One of the early assignments I had was at an Army installation in Poitiers, France which was southwest of Paris. It was a town made up of narrow, winding, cobblestone streets and stone houses, and a lot of ancient history. It seems that a great battle was fought there in the 14th century between England and France in one of a multitude of wars between those 2 countries over the centuries. (It all seems so futile in retrospect.) This battle was notable because the king of France was captured by the British and more than a dozen noblemen were slaughtered on both sides. When I was there they still had parades and commemoration ceremonies honoring those that fought in that battle.
At the time anyone assigned by the Government to Europe were allowed to bring all their personal belongings with them including their cars. (I know, it seemed that the Government couldn’t do enough for you if you landed that assignment.) So some of the military would bring their big, clunker cars over with them, like Chryslers and Buicks. Did I mention how narrow most of the streets of Poitiers were.
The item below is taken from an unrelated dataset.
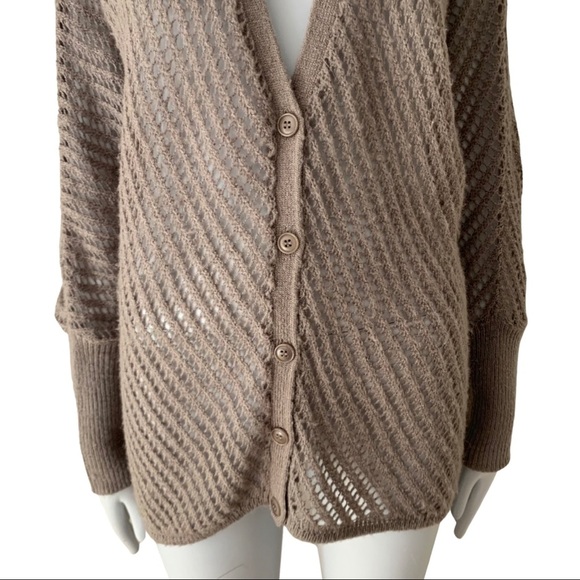 TROUVE Nordstrom Boyfriend Cardigan Sweater Open Weave Mauve Loose Fit Knit - Picture 6 of 15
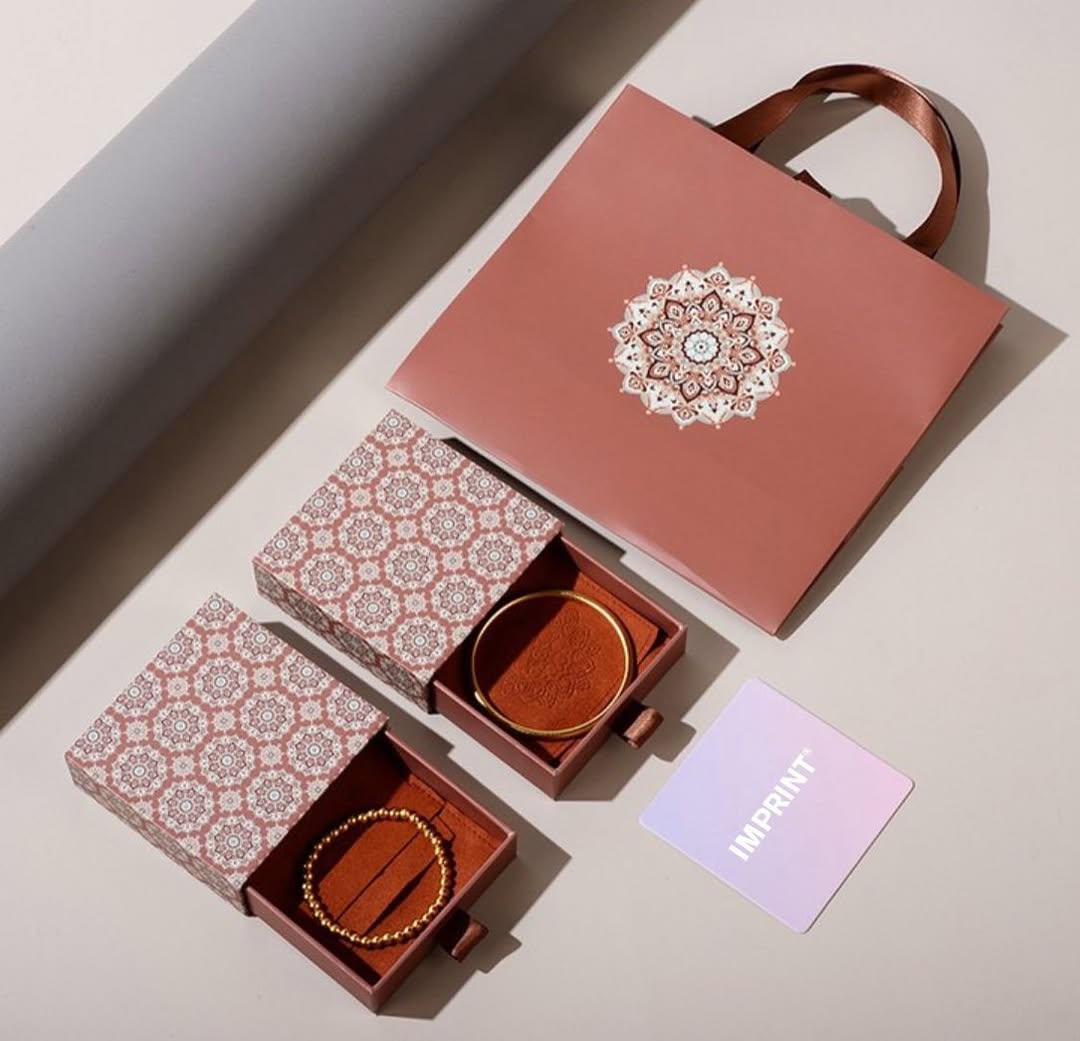 Custom Drawer-Style Jewelry Packaging Set – Oriental Pattern Collection (MOQ 500 pcs)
So narrow that to get one of these clunkers thru these streets they literally had to drive up on the sidewalks which were also pretty narrow. It was a sight to behold with pedestrians scurrying out of the way when a Chrysler would go rumbling down their street.
Poitiers did have several fine little restaurants where you could get outstanding food and wine at nominal prices. When you entered most of these restaurants you felt as if you were inside a cave or grotto. They were great retreats. Of course I may have made the European experience sound like all fun and games which it certainly was not. We often worked long hours, sometimes until 12-1 in the morning to met certain deadlines and then have to be back at work by 7:30-8AM. Nights when we didn’t work that late we would often play poker until 2 in the morning, usually for high stakes, especially if we had just gotten our travel expense reimbursement checks. But I did get 2 promotions out of all that work, so that in my next assignment I was Auditor-in-Charge and supervised about 6 other auditors in La Rochelle, an Army port facility about 300 miles south of Paris. It was from there that I would drive back to Paris on weekends at speeds of 80-90MPH that I described in my previous entry.
The last 9 months of my tour I actually secured an audit in Paris so I didn’t have to drive like a madman every weekend. One of my favorite restaurants there was called (English translation) the Rotisserie of the Royal Duck. It was notable because if you went in a party of 4, they would plunk down 3 magnum sized bottles of wine (white, red,and rose) and if you ever did get to the bottom of one of the bottles (which we never could) they would simply replace it with a fresh bottle. The fixed price menu also included an aperitif, an after-dinner drink and a 5 course menu, all for about $5.50 per person. You could see why it was so popular. We never failed to go reeling or staggering out of there in a drunken stupor when we were finished.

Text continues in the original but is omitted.